Mentre la costituzione veniva giorno dopo giorno stracciata nei suoi articoli fondamentali e nel suo significato storico, noi non siamo stati in grado di spiegare, di narrare alle giovani generazioni che non stavamo raccontando una stagione della nostalgia, ma che stavamo parlando del futuro raccontando quel passato.
Che l’articolo 1 della Costituzione è incompatibile con i processi di precarizzazione del mercato del lavoro. Che l’articolo 3 è incompatibile con le leggi razziali che sono state volute negli ultimi anni in questo paese. Che l’articolo 11 è incompatibile con l’attuale nostra presenza bellica in teatri in cui annunciammo la nostra volontà di peacekeeping.

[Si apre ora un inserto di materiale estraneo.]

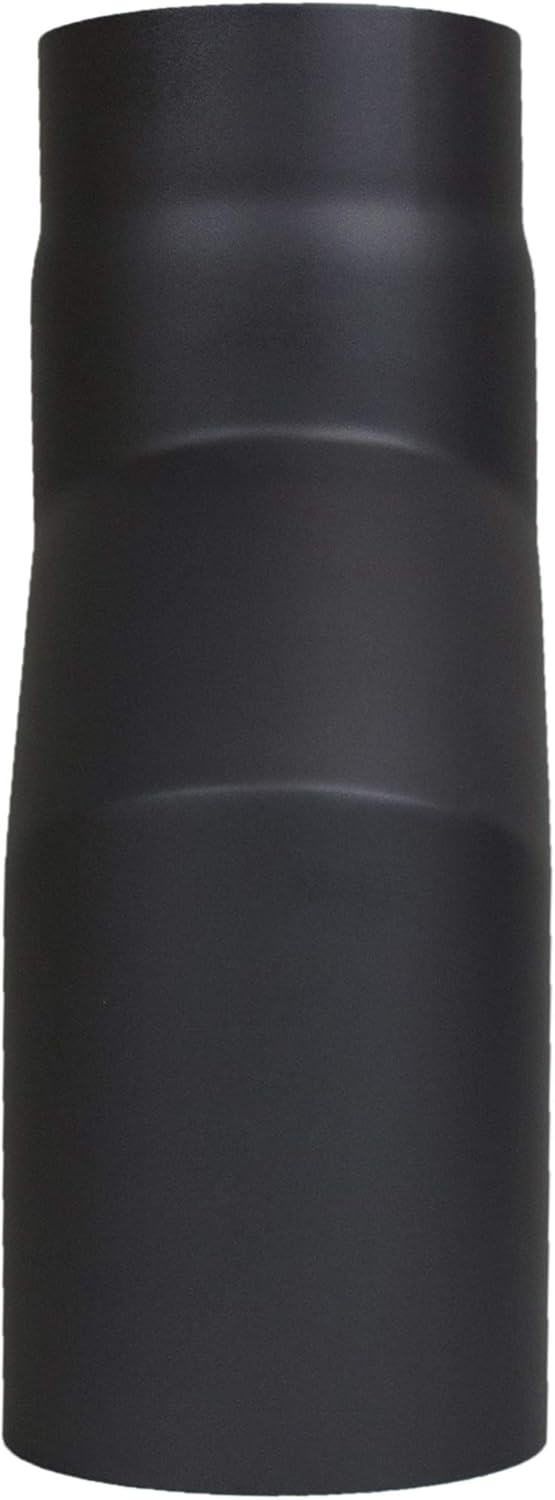 LANZZAS Ofenrohr Stufenbogen mit 80 mm Versatz, im Durchmesser, DN Ø 120 mm, Farbe: schwarz-metallic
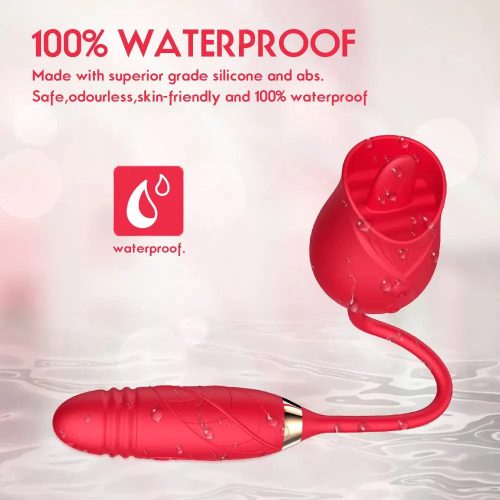 3 in 1 Au-Rose-Licking Rose Spielzeug mit Dildo Rot Wasserdicht Vibrierend Lecken Vibrator Erwachsene Luxus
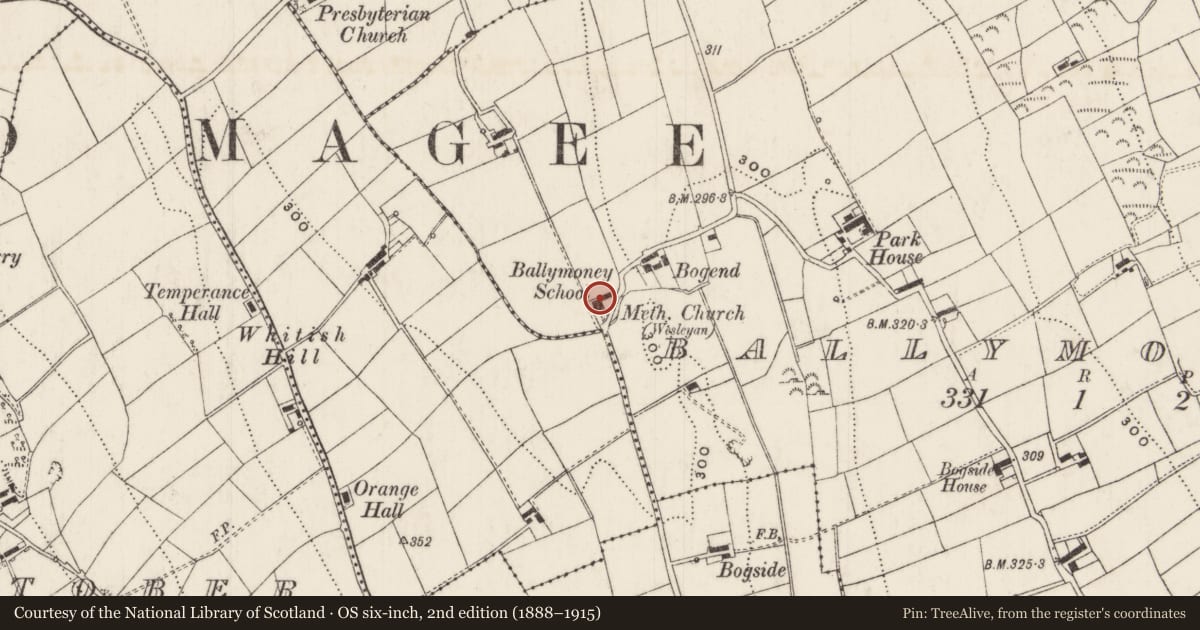 Ordnance Survey six-inch map, 2nd edition (1888–1915) covering the location of Methodist Church, Ballymoney, Mid and East Antrim, with a pin at the register's coordinates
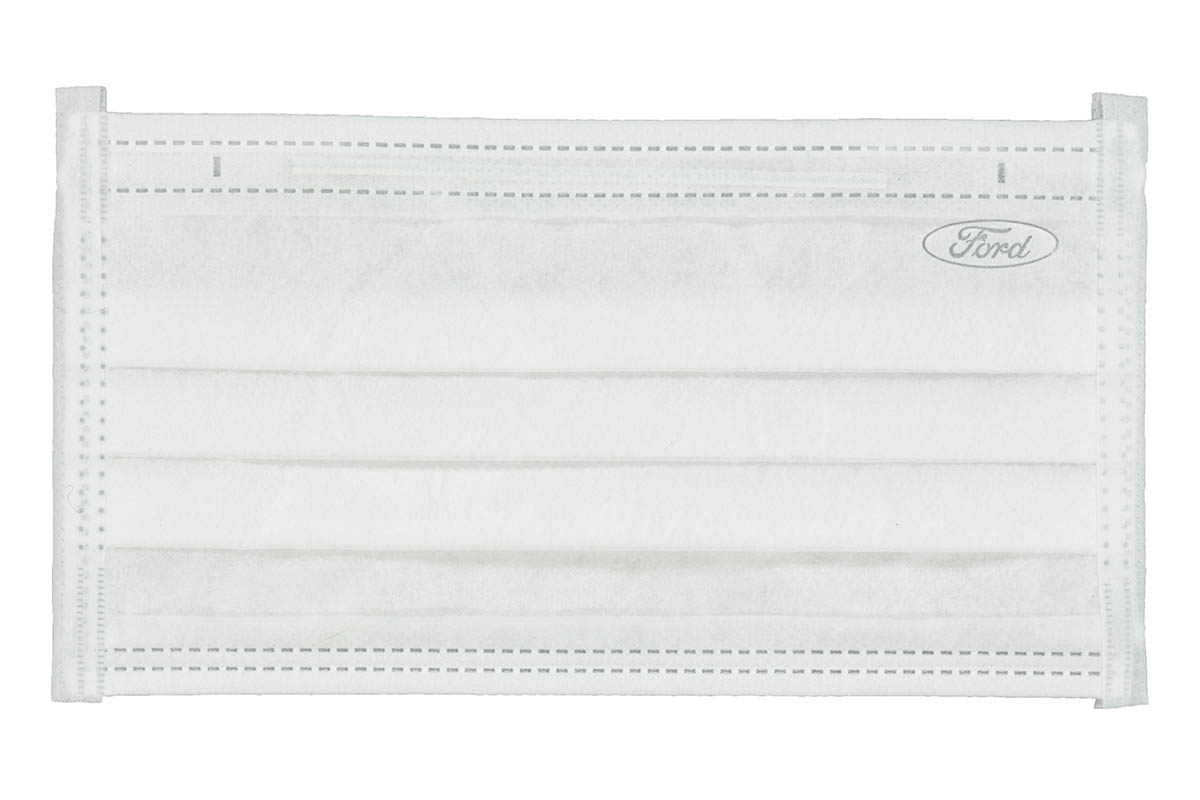 Ford Face Mask, 2020 White surgical face mask with subtle
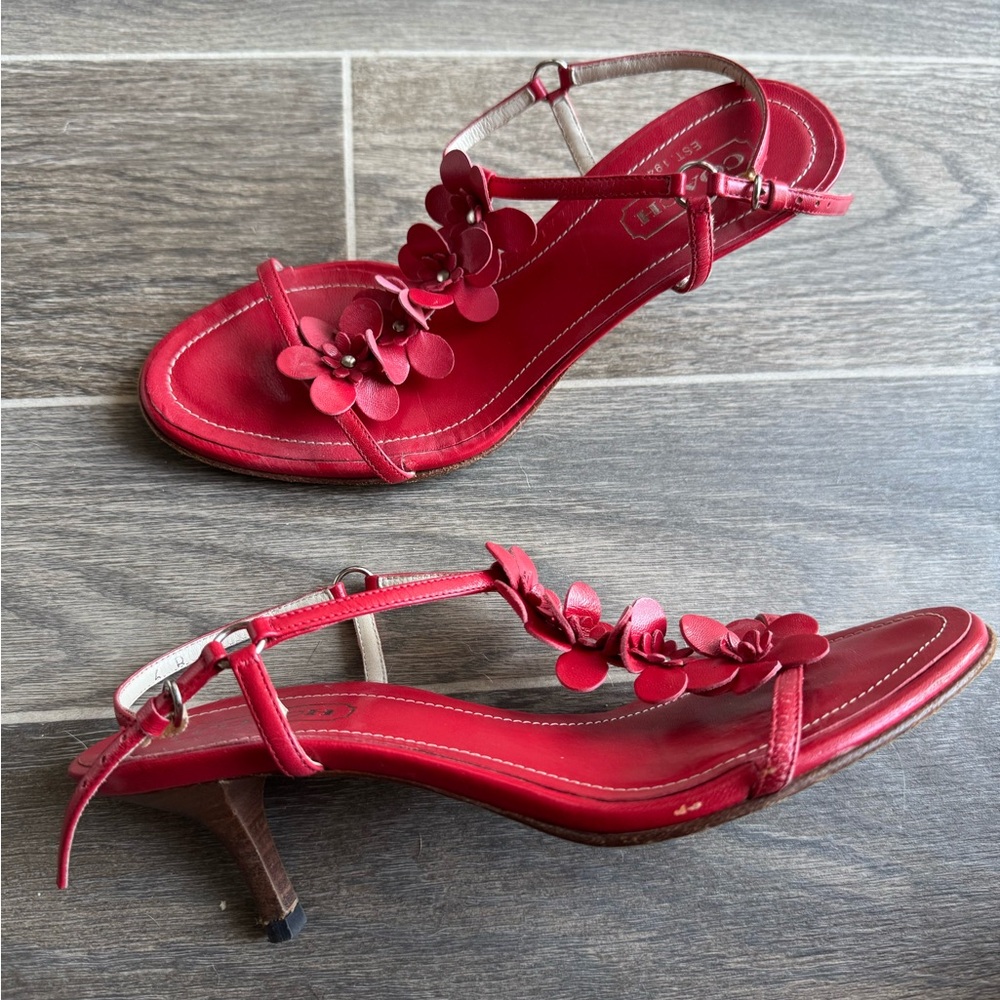 Coach Red Heeled Sandals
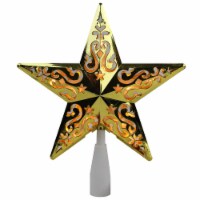 Northlight 8.5  Lighted Gold and White Star Cut-Out Design Christmas Tree Topper - Clear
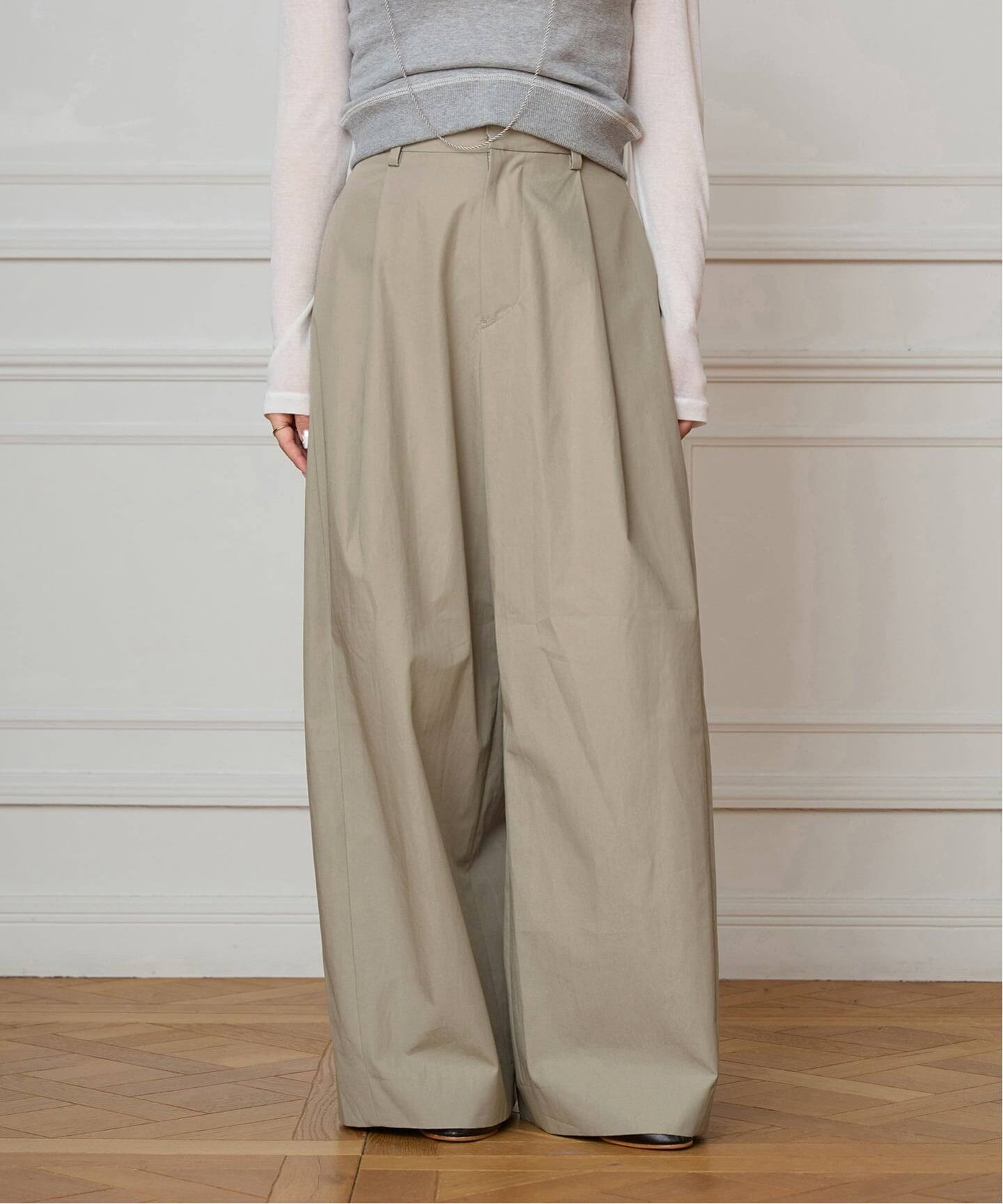 IENA LA BOUCLE コットンウェザーバレルパンツ（スラックス）｜IENA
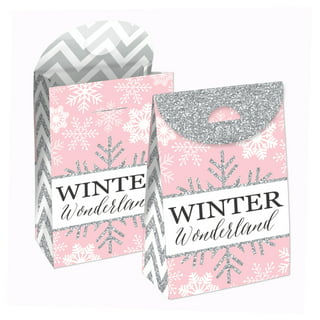 Winter Wonder Lane White & Black Plaid Gift Bag Storage Organizer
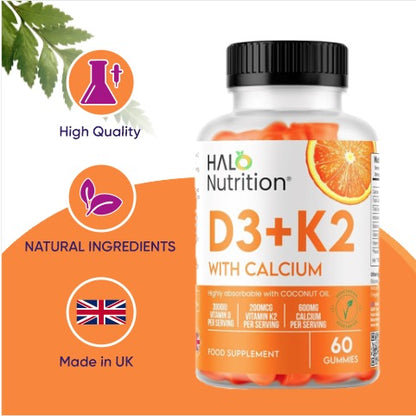 Halo Nutrition Vitamin D Gummies with K2 and Calcium, High Strength Sugar Free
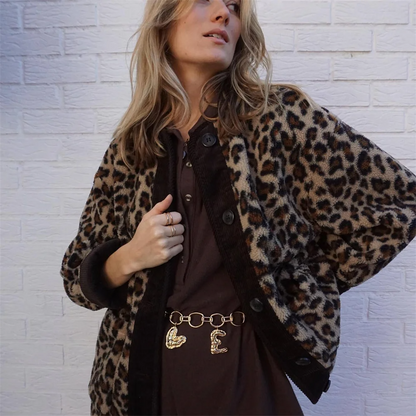 Bristol | Jacke mit O-Ausschnitt und Leopardenprint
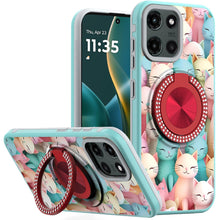 For Moto G Stylus 2025 Case Printed Magnetic Bling Ring Stand + Tempered Glass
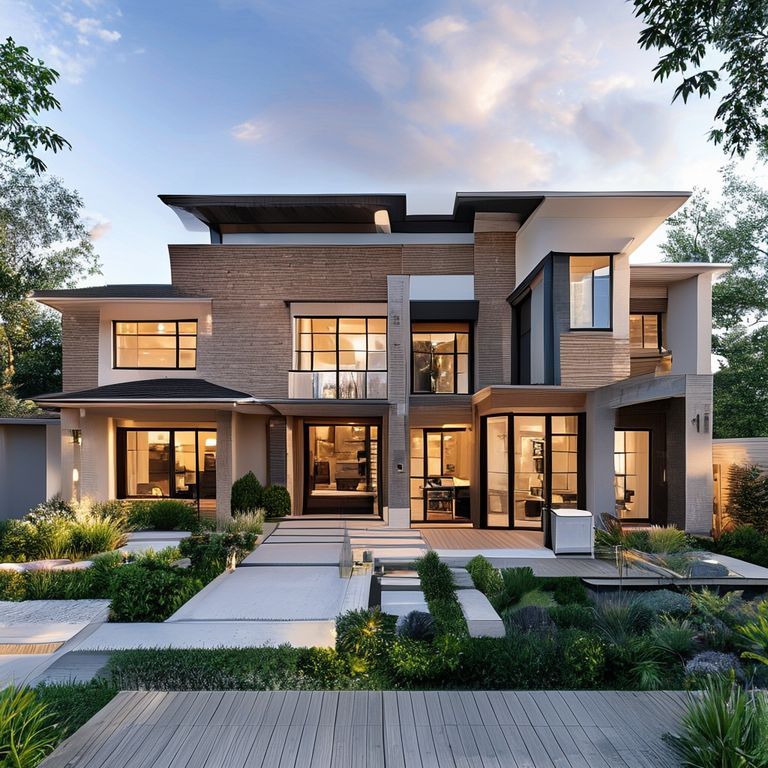 Modern, spacious 4-bedroom executive home with a study, featuring clean lines, professional paint finish, and a sleek roller shutter garage door, set in a 16:9 aspect ratio for a high-quality, photorealistic, and stylish image.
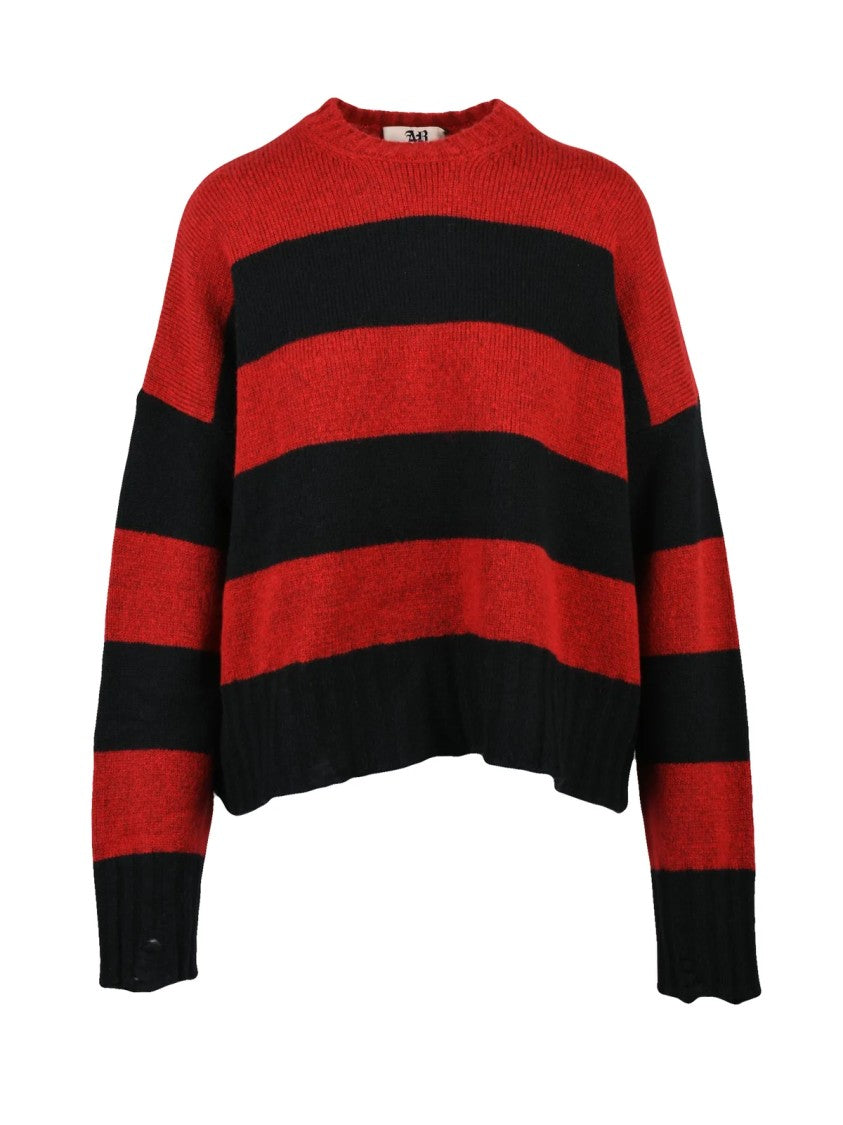 Aniye By Short-Fit Crew Neck Sweater With Bold Horizontal Stripes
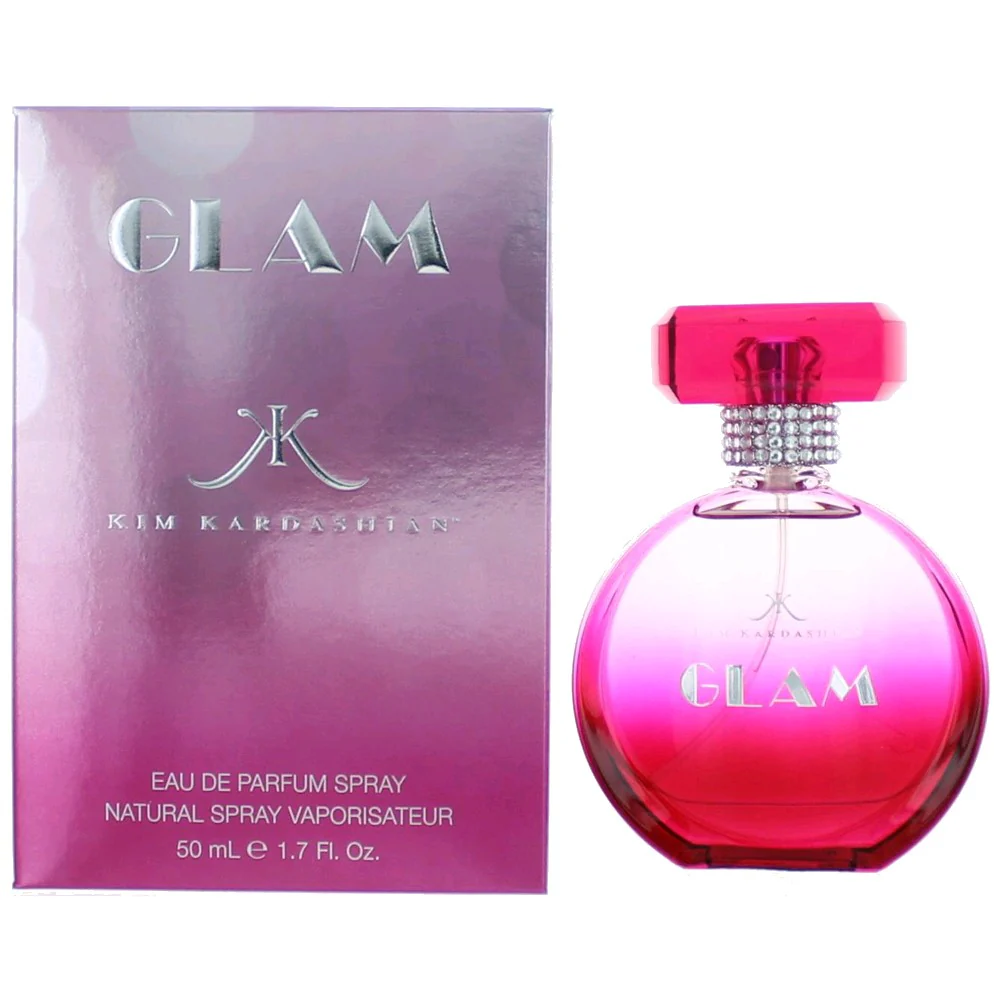 2pcs Kim Kardashian Glam by Kim Kardashian, 1.7 oz Eau De Parfum Spray for Women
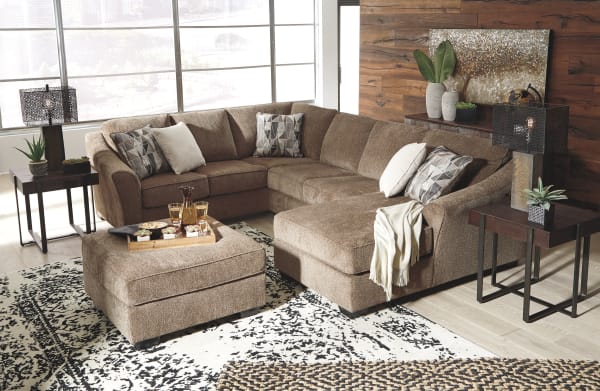 Graftin - Teak - 4 Pc. - Right Arm Facing Corner Chaise 3 Pc Sectional, Ottoman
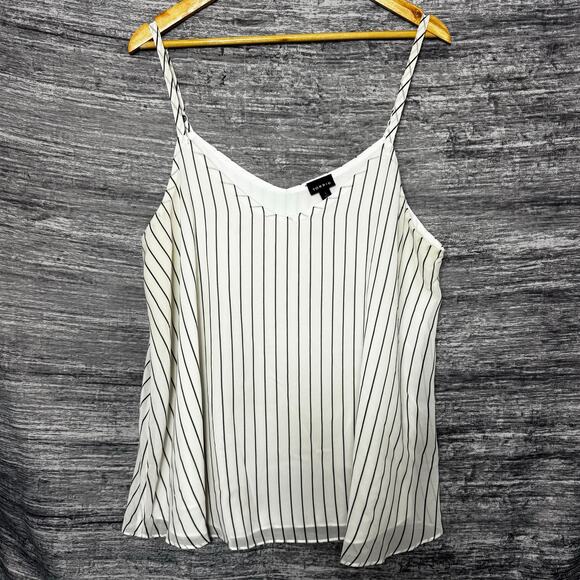 Torrid Striped Cami Tank Top Women Size 1(1x) Off White Adjustable Lined V Neck - Picture 1 of 5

Ma poi vedo che gli attuali responsabili del dicastero della difesa non si vergognano di svelare che la peacekeeping è semplicemente una foglia di fico. C’è una “war keeping”, c’è una partecipazione esplicita a un teatro di guerra.
E questo lo dico perché l’aticolo 11 fu molto pensato dai nostri costituenti. Il verbo che adoperarono, lo dico per aver sentito una bellissima citazione nella introduzione religiosa di questa manifestazione, che è la citazione del pensiero del più estremista dei pacifisti, cioè del profeta Isaia.
I padri costituenti usarono un verbo di pregnanza veterotestamentaria. Un robusto verbo biblico: “ripudiare”.
L’Italia ripudia la guerra come strumento di risoluzione delle controversie internazionali.
Ripudiarono. Allontanarono con sdegno davanti ai propri occhi l’immagine della guerra. Perché davanti ai loro occhi c’era un intero continente trasformato in un gigantesco mattatoio. La grande guerra, quell’unica grande guerra che dal 1915 al 1945 aveva trasformato la vecchia Europa in un condendsato di tutte le barbarie della storia umana trasponendole sul terreno della loro evoluzione industriale.
L’antico artigianato dell’uccisione, l’estetica del corpo a corpo diventa invece la raffinatezza dello sterminio industriale, della tecnologia della morte, che tra Aschwitz ed Hiroshima fa le proprie più stupefacenti prove.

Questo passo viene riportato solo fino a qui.